You would think that as tanks roll into a capital in support a military coup that a country’s stock market would tank as well. In Thailand it seems to be taken as business as usual and this is not exactly a compliment. The Thai stock market took no hit at all and is up 9.6% so far this year. The past year follows a scripted political pattern all too familiar to Asian hands.
Some cynics may make the case that an authoritarian government taking charge is good for investors. For short-term traders, this may be the case. But for serious long-term investors and for Thailand’s economy and people, the cycle of new constitution, election, political paralysis, coup, and military takeover needs to be broken.
There have been 18 coups since the Kingdom of Thailand was established as a constitutional monarchy in 1932. The last coup was in 1991 and many hoped that the country had moved beyond its reliance on the military to sort out messy political patches.
After all, the now Prime Minister in exile Thaksin’s party had won two elections decisively. Critics charge that he manipulated the system to consolidate power and when his family sold its controlling stake in a company in a way that led to no taxes on the proceeds, the seeds of rebellion were stoked.
It seems that holding an election is the easiest part of building a democratic form of government and that establishing an independent judiciary and protecting due process is the hardest and maybe the most important part.
The reason military coups happen so frequently in countries like Thailand is that the military is the strongest and most respected institution.

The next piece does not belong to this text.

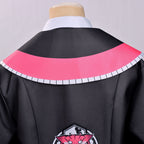 Women Nanally Costume Game Inspired Pink and Black Girls Uniform Set with Chest Cat Plush Toy for Fans Cosplay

Over the weekend, former Army Chief General Surayud Chulanont was formerly appointed interim prime minister. Thailand’s military leaders also announced an interim constitution which sets out a nine-month timeline for drafting a new permanent constitution followed by new parliamentary elections. Who will be the drafters of the new constitution is not clear.
Instead of starting this cycle all over again, why not get to the bottom of the Thaksin controversy and bring closure to this unfortunate chapter? The current constitution may be just fine.
We also need to clear up what role the symbolic but powerful King of Thailand, Bhumibol Aduljadej who has reigned since 1946, played in the coup. In the past when the political temperature reached boiling point, a curt nod from the King was enough to send even the most imperious Prime Minister packing. This safety valve obviously did not work and the King may have pointed his next nod to trusted military leaders.
Meanwhile, this political instability has cost Thailand dearly in terms of foreign investment and economic growth. With a land area more than twice the size of Wyoming, Thailand is a youthful solid middle-income country with a consumer-oriented middle class. Its economy is well diversified, is rich in natural resources, and has a vibrant manufacturing sector and strong exports.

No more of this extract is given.